/home/projects

FileStorm

Overview

FileStorm is a simple file storage API that can be used where the Java Content Repository is overkill, BLOBs in database are not appropriate, and FTP does not quite do the trick. FileStorm allows applications to perform CRUD operations over content through a single interface, locally or remotely.

Features and Limitations

  • Multiple implementations: file system, cached, HTTP.
  • Embeddable.
  • Easy to extend and customize.
  • Does not support transactions.

Design

FileStorm is designed as follows:

  • The Store interface specifies CRUD-like operations that are performed over content.
  • The StoreFactory class allows creating instances of the different Store implementations in the framework.

Implementations

The framework provides different implementations of the Store interface.
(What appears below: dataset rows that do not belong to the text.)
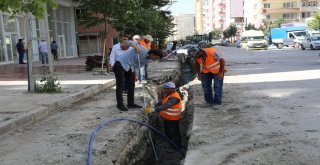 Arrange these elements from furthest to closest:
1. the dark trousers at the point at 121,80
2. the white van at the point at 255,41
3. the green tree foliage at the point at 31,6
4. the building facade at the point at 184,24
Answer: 1. the building facade at the point at 184,24
2. the white van at the point at 255,41
3. the dark trousers at the point at 121,80
4. the green tree foliage at the point at 31,6

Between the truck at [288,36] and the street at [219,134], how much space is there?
42.6 meters

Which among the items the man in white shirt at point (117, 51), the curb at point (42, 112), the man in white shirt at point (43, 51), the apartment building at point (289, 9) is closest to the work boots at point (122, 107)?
the man in white shirt at point (117, 51)

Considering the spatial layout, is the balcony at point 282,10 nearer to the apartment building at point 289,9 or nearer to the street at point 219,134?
the apartment building at point 289,9

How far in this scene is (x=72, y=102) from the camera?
1004 centimetres

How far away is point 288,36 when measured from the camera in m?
52.8

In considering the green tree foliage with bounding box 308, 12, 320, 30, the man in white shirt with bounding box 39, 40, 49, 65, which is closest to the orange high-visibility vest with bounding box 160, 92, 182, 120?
the man in white shirt with bounding box 39, 40, 49, 65

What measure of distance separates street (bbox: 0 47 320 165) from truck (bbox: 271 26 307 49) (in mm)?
42613

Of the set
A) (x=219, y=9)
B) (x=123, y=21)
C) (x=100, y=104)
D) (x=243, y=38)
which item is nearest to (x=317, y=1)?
(x=243, y=38)

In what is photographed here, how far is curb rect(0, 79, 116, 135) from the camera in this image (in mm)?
6839

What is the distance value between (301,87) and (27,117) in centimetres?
790

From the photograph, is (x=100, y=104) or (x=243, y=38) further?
(x=243, y=38)

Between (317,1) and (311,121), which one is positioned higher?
(317,1)

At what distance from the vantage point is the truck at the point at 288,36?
5076 cm

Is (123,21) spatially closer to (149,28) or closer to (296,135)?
(149,28) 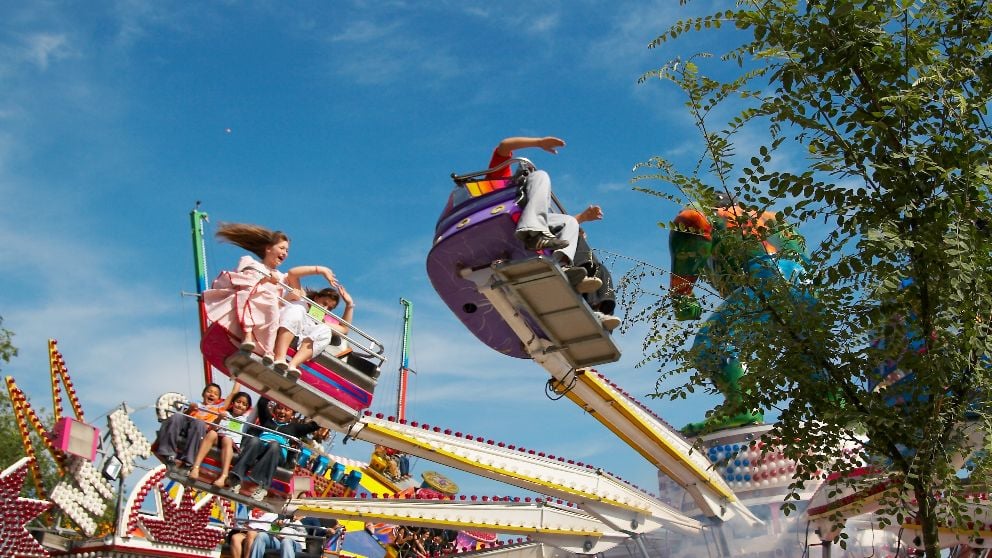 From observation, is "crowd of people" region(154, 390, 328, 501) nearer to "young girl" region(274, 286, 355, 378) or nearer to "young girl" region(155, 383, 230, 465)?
"young girl" region(155, 383, 230, 465)

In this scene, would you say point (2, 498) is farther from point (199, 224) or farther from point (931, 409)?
point (199, 224)

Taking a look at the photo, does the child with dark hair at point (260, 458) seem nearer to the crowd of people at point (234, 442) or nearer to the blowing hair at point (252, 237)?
the crowd of people at point (234, 442)

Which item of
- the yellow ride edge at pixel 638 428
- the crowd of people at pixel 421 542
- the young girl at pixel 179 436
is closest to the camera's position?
the young girl at pixel 179 436

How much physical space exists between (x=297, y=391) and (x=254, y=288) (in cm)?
85

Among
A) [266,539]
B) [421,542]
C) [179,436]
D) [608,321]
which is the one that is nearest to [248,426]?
[179,436]

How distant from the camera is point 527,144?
7434 millimetres

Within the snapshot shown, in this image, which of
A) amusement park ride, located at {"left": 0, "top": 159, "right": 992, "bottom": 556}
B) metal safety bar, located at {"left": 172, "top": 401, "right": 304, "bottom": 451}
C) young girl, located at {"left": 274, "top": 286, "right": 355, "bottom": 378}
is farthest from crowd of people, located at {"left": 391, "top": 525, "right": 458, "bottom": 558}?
young girl, located at {"left": 274, "top": 286, "right": 355, "bottom": 378}

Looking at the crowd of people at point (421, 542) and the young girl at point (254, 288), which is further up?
the crowd of people at point (421, 542)

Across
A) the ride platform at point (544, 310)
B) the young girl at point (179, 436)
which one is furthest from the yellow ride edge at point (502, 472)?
the ride platform at point (544, 310)

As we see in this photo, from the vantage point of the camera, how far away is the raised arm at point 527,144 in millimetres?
7418

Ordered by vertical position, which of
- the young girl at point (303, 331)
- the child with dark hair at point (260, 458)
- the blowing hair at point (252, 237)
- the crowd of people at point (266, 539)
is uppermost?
the blowing hair at point (252, 237)

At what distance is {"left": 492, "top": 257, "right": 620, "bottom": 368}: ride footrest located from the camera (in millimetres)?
6957

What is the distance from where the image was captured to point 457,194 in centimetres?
737

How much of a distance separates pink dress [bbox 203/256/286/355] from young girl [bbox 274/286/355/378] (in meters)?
0.08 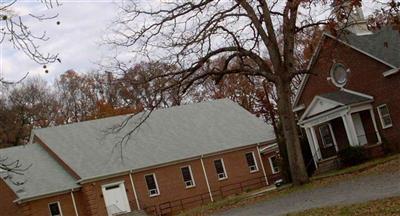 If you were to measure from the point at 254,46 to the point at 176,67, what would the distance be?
12.9ft

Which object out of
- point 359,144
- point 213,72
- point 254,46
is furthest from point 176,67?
point 359,144

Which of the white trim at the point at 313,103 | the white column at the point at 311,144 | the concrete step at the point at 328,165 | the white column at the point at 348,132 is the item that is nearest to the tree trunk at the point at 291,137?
the concrete step at the point at 328,165

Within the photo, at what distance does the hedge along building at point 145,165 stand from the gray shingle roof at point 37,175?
63mm

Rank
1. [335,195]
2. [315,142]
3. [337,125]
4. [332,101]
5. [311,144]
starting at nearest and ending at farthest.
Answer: [335,195] < [332,101] < [337,125] < [315,142] < [311,144]

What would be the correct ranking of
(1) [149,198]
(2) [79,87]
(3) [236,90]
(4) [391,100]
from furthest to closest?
1. (2) [79,87]
2. (3) [236,90]
3. (1) [149,198]
4. (4) [391,100]

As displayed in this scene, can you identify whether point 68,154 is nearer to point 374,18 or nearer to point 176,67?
point 176,67

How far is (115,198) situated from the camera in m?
39.0

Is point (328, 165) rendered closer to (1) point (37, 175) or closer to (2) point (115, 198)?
(2) point (115, 198)

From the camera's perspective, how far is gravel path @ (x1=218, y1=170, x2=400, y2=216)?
17672 mm

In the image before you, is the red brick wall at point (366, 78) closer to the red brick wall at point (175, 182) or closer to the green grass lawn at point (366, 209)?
the red brick wall at point (175, 182)

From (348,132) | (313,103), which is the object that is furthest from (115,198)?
(348,132)

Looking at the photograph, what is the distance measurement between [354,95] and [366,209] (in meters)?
21.1

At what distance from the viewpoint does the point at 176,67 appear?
29.0 m

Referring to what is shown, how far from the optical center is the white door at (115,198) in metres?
38.6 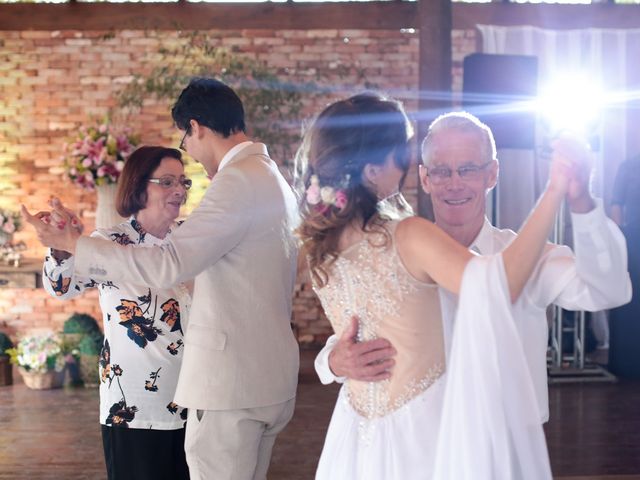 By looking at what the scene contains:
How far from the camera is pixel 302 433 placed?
500cm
They are explained one by one below.

FileStore

The FileStore class implements the Store interface over the file system. A base directory must be provided, under which file operations will be performed. To create an instance of FileStore, use the constructor or the StoreFactory.

The FileStore supports hierarchical naming. Therefore, names under which content is bound can be hierarchical (corresponding to file paths). Here is an example of how to use the FileStore class.

          Store store = StoreFactory.newFileStore(new File("working"), 1024);
          // input corresponds to a java.io.InputStream
          store.put("documents/file.doc", input);
        

CachingFileStore

The CachingFileStore extends the FileStore, on top of which it implements caching logic. That is: the CachingFileStore interacts with a delegate Store with which it synchronizes its state (the delegate acting as a master copy).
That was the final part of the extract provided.